- **Work item**: Your answer is to be the exact text of the lines from the one containing "100% working well" through the final line of the entries, restated in full, with pictures omitted.
Records for processing section start
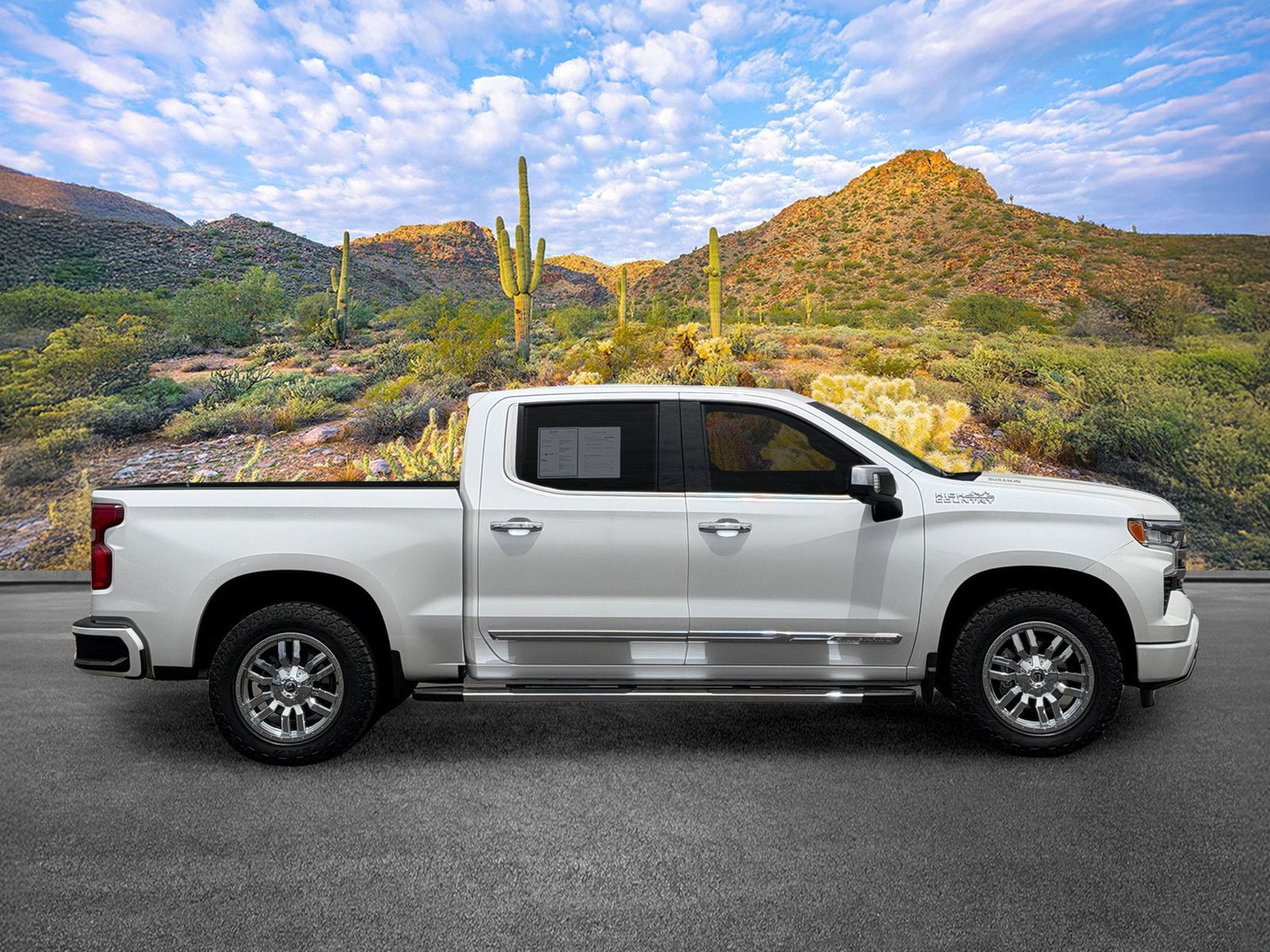 2023 Chevrolet Silverado 1500 High Country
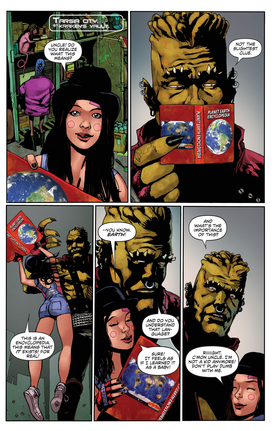 Read Machine Girl  2 Page 4 in English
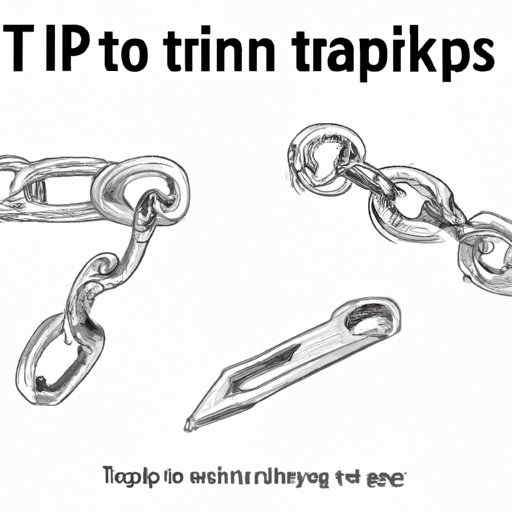  Top 5 Tips for Drawing Chains 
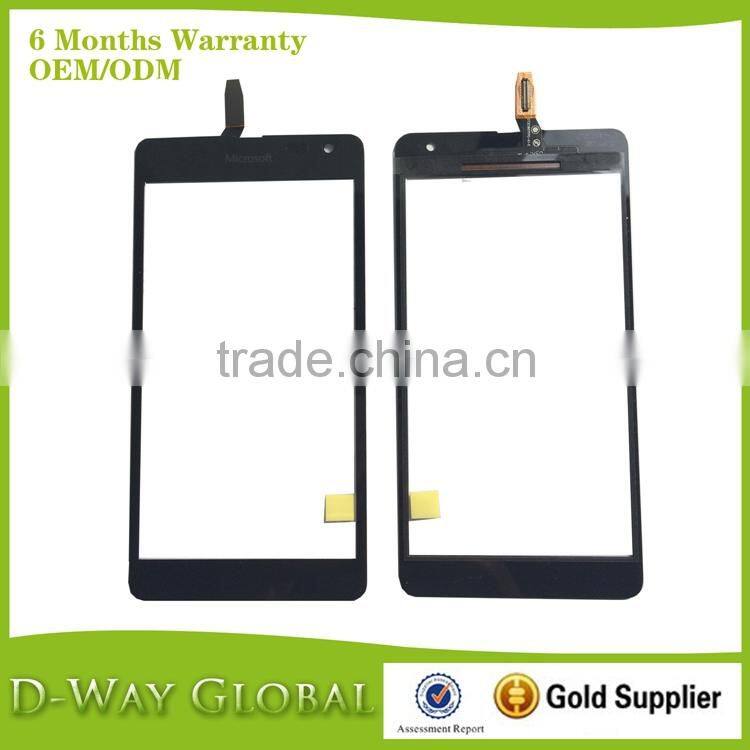 100% working well digitizer for nokia lumia 535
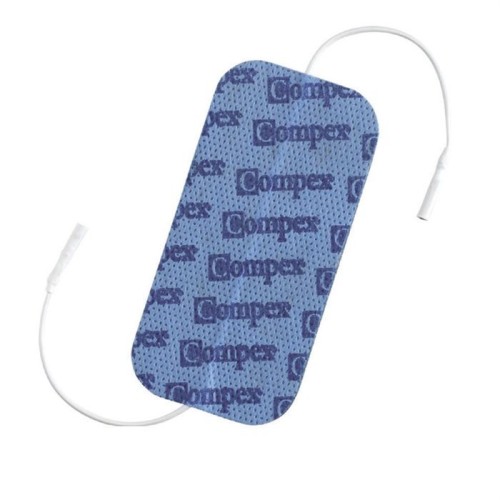 COMPEX Self-adhesive Electrodes Dual Leadwire
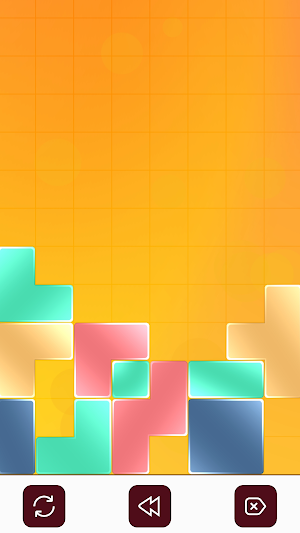 Montile: Colorful Tile Puzzles Screenshot 2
Records for processing section end
- **Output**:
 100% working well digitizer for nokia lumia 535
 COMPEX Self-adhesive Electrodes Dual Leadwire
 Montile: Colorful Tile Puzzles Screenshot 2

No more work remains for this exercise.